What to work on:
Take the lines below beginning at the line that has "Preview for 1" and stopping after the line that has "Pink Floral Bow Print Scalloped Shorts Set", and print them exactly as they are, with no other lines.

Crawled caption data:
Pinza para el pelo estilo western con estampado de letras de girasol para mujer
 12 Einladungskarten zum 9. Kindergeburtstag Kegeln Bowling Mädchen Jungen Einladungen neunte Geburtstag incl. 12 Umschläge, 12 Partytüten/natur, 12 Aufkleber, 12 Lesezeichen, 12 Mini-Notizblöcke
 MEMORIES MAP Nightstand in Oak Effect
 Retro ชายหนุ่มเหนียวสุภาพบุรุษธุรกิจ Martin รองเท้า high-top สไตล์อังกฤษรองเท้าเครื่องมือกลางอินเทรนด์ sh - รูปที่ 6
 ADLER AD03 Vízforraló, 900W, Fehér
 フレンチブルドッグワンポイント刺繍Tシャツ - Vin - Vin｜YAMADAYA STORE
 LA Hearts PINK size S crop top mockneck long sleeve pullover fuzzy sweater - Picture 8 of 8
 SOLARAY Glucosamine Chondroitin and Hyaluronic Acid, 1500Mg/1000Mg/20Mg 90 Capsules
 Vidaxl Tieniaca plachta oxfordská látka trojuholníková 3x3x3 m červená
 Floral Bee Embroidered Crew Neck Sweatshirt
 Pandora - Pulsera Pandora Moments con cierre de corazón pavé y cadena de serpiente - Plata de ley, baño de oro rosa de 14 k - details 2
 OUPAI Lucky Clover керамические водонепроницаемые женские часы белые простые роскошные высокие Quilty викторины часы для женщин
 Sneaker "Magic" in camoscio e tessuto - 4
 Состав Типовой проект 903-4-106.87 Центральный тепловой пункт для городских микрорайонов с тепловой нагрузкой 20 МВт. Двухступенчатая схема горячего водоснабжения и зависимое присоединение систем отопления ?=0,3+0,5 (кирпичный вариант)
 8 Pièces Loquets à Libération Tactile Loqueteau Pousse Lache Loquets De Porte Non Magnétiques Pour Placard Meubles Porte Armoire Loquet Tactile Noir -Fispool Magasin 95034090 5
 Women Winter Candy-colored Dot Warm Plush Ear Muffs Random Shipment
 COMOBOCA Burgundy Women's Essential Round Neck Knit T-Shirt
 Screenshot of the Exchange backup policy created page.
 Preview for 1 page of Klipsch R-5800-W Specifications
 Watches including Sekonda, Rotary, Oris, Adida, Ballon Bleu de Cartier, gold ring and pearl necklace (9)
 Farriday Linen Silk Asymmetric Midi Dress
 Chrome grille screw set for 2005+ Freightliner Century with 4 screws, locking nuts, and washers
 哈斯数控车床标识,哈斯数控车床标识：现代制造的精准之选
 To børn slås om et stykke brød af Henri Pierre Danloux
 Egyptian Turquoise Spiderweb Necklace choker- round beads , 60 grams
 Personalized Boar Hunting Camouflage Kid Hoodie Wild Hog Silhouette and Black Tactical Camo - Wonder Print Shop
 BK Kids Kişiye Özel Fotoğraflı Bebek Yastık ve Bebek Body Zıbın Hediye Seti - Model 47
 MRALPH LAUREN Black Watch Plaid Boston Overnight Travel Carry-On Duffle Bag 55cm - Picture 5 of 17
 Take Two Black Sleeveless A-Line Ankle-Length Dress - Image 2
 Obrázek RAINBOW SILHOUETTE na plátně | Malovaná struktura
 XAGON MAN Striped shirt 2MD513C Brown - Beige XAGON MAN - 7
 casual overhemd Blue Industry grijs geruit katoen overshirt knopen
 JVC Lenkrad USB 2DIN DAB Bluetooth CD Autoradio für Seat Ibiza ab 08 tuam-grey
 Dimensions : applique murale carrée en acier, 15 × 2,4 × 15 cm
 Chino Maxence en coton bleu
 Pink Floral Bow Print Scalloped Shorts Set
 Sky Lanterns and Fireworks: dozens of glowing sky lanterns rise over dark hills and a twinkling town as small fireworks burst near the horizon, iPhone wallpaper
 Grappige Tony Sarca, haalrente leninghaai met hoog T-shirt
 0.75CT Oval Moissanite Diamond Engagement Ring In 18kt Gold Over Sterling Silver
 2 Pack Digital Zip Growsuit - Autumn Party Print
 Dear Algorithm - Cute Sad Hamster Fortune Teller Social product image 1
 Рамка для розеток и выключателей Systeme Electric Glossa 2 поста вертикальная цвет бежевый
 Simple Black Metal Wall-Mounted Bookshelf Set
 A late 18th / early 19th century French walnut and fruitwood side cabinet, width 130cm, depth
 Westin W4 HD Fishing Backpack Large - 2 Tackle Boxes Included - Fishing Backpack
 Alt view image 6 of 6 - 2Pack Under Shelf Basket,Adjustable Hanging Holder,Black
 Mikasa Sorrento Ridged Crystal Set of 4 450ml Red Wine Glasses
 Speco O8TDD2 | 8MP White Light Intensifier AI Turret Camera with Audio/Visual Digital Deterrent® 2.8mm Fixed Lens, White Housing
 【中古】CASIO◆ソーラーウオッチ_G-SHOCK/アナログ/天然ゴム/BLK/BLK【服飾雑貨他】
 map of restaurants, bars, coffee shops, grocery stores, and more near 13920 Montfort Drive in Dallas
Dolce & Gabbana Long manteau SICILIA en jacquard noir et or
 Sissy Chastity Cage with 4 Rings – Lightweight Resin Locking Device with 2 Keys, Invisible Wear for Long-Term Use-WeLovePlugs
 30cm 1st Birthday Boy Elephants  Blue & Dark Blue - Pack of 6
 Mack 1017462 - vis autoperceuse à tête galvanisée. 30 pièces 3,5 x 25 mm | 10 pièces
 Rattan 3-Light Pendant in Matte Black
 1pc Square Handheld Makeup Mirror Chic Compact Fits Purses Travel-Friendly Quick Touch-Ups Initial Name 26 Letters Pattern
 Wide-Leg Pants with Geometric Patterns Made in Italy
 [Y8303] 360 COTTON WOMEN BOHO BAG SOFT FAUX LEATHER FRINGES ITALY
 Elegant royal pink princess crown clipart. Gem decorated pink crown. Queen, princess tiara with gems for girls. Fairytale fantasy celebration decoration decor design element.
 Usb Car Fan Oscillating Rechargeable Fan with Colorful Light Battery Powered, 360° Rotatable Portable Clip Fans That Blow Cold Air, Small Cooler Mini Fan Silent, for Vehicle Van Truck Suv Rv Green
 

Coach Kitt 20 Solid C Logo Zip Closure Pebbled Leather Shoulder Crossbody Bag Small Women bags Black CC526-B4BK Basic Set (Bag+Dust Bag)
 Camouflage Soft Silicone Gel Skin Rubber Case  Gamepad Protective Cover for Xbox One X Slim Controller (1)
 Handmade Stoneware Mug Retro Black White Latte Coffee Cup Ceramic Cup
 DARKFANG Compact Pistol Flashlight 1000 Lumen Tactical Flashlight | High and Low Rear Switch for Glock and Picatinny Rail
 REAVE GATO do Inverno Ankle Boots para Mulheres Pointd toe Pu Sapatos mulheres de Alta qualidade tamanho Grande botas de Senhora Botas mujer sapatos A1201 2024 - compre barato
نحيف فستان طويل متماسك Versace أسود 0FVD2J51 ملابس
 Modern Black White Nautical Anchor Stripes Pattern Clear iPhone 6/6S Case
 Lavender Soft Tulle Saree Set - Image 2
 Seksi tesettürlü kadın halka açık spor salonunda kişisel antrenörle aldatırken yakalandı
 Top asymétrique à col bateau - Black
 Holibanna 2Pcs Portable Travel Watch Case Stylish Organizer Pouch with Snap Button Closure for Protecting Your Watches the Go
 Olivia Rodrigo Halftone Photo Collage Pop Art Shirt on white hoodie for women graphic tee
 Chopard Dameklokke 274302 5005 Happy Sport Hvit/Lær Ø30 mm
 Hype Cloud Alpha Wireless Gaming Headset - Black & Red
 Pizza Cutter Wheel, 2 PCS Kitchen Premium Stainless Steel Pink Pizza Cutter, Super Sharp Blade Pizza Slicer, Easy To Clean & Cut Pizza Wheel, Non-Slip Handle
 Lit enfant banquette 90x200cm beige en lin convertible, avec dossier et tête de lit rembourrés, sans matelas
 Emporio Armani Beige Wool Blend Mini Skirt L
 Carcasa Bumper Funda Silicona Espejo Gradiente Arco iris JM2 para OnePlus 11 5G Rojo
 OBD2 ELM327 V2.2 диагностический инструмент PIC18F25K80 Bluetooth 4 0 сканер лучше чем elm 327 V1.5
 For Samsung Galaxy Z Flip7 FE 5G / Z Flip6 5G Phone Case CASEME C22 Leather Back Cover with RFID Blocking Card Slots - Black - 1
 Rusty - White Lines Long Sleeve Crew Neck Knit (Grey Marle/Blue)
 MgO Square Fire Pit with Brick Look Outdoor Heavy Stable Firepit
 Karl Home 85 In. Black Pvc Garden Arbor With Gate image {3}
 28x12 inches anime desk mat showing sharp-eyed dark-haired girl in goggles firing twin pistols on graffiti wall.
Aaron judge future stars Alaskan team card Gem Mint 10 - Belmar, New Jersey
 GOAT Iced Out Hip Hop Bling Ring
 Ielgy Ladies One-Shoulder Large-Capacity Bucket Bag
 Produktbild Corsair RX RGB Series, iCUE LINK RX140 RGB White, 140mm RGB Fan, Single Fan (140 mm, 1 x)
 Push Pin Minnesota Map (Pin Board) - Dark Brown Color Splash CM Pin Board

Task answer:
 Preview for 1 page of Klipsch R-5800-W Specifications
 Watches including Sekonda, Rotary, Oris, Adida, Ballon Bleu de Cartier, gold ring and pearl necklace (9)
 Farriday Linen Silk Asymmetric Midi Dress
 Chrome grille screw set for 2005+ Freightliner Century with 4 screws, locking nuts, and washers
 哈斯数控车床标识,哈斯数控车床标识：现代制造的精准之选
 To børn slås om et stykke brød af Henri Pierre Danloux
 Egyptian Turquoise Spiderweb Necklace choker- round beads , 60 grams
 Personalized Boar Hunting Camouflage Kid Hoodie Wild Hog Silhouette and Black Tactical Camo - Wonder Print Shop
 BK Kids Kişiye Özel Fotoğraflı Bebek Yastık ve Bebek Body Zıbın Hediye Seti - Model 47
 MRALPH LAUREN Black Watch Plaid Boston Overnight Travel Carry-On Duffle Bag 55cm - Picture 5 of 17
 Take Two Black Sleeveless A-Line Ankle-Length Dress - Image 2
 Obrázek RAINBOW SILHOUETTE na plátně | Malovaná struktura
 XAGON MAN Striped shirt 2MD513C Brown - Beige XAGON MAN - 7
 casual overhemd Blue Industry grijs geruit katoen overshirt knopen
 JVC Lenkrad USB 2DIN DAB Bluetooth CD Autoradio für Seat Ibiza ab 08 tuam-grey
 Dimensions : applique murale carrée en acier, 15 × 2,4 × 15 cm
 Chino Maxence en coton bleu
 Pink Floral Bow Print Scalloped Shorts Set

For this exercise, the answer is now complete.